Hell yeah Nancy. Bring it!

Don’t forget reloads.

Unindicted Co-Conspirator Bottomless Pinocchio

I will never call him anything else ever again for obvious reasons. Well, until he gets indicted.

You see, Individual 1 told Michael Cohen to pay off an Adult Sex Worker so that his custom was not made public during his campaign for the Presidency.

And it wasn’t Hillary who Bill owes one anyway.

In the normal course of events this is highly illegal and Michael Cohen is sitting in a cell this very day for being an accomplice to the crime. It’s a fact, you could look it up.

So that’s “Individual 1”, do you think there’s any connection with the mysterious “-1” (an imaginary number, you can’t have less than nothing, wait until I take it’s Square Root when I get downright irrational)?

A Mysterious ‘-1’ and Other Call Records Show How Giuliani Pressured Ukraine
By Sharon LaFraniere and Julian E. Barnes, Washington Post
Dec. 3, 2019

In the two days before President Trump forced out the American ambassador to Ukraine in April, his personal lawyer Rudolph W. Giuliani was on the phone with the White House more than a dozen times.

Phone records cited in the impeachment report released Tuesday by the House Intelligence Committee illustrate the sprawling reach of Mr. Giuliani’s campaign first to remove the ambassador, Marie L. Yovanovitch, then to force Ukraine’s new government to announce criminal investigations for Mr. Trump’s political gain.
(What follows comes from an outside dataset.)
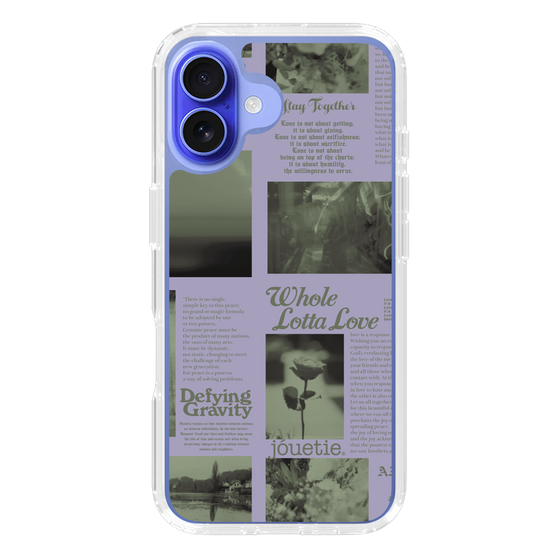 Slim Protection Case［ jouetie - Newspaper ］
That effort accelerated through the spring and summer into a full-court press to force Ukraine’s new president to accede to Mr. Trump’s wishes or risk losing $391 million in military assistance desperately needed to hold off Russian-led forces waging a separatist war in eastern Ukraine.

From March 26 to Aug. 8, as he developed an irregular foreign policy channel that eventually sidelined both National Security Council and State Department aides, Mr. Giuliani — who is not a government employee — was in touch with top-ranking officials, the newly revealed call records suggested.

He reached out to Secretary of State Mike Pompeo; the national security adviser at the time, John R. Bolton; Representative Devin Nunes, the top Republican on the Intelligence Committee itself; midlevel White House officials; the Fox News host Sean Hannity; a conservative columnist; an associate who has been charged in a scheme related to Ms. Yovanovitch’s ouster; and the owner of a mysterious number, “-1.”

Investigators are trying to determine whether the unidentified phone number belongs to Mr. Trump, said Representative Adam B. Schiff, Democrat of California, who leads the House Intelligence Committee. If so, the phone calls with Mr. Giuliani could be further evidence of the president’s direct involvement in the Ukraine affair.

The call records showed “considerable coordination among the parties, including the White House” to falsely portray Ms. Yovanovitch as disloyal to the president and to manipulate administration policy for his personal benefit, Mr. Schiff told reporters.

The report detailed a game of phone tag between the -1 phone number and Mr. Giuliani on Aug. 8. That same week, Mr. Giuliani was vigorously pressing State Department officials to persuade President Volodymyr Zelensky of Ukraine to publicly announce investigations into the Biden family and whether Ukraine meddled in the 2016 election.

Mr. Giuliani missed calls from -1 on Aug. 8 to two of his cellphones. Mr. Giuliani then called the White House switchboard and the White House Situation Room, before connecting with -1.

Circumstantial evidence shows that some of the -1 calls involved Mr. Trump, Mr. Schiff said, adding that his committee was working “to find out definitively.”

House investigators suspect that the number may belong to Mr. Trump in part because of phone records used as evidence in the criminal case against Roger J. Stone Jr., a longtime friend and former campaign adviser who was convicted last month of seven felonies, including lying to Congress. Mr. Stone, who talked directly to Mr. Trump, received a call from a number listed only as -1, the records from his trial show.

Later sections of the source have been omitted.